─── INPUT

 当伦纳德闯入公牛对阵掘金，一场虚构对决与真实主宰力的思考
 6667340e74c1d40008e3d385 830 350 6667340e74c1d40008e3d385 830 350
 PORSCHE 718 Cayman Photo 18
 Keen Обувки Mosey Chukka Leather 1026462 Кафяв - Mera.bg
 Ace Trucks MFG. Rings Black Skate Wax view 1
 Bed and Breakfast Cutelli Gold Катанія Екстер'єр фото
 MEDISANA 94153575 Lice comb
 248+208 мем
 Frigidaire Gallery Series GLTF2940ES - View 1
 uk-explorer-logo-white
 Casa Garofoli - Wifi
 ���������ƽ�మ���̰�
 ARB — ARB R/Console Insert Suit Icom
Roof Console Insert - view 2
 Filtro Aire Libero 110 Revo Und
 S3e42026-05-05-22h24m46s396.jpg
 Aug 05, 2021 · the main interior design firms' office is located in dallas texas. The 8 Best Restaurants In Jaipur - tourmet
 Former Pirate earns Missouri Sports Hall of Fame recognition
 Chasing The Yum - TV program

──────
─── INPUT

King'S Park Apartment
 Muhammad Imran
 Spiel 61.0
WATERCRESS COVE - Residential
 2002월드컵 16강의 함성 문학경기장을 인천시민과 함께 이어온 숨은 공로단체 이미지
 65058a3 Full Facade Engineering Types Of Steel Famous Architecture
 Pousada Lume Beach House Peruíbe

──────

Nothing should appear in the answer except the lines above from the line with "65058a3 Full Facade" through the line with "Pousada Lume Beach House Peruíbe", both included, written out exactly.

 65058a3 Full Facade Engineering Types Of Steel Famous Architecture
 Pousada Lume Beach House Peruíbe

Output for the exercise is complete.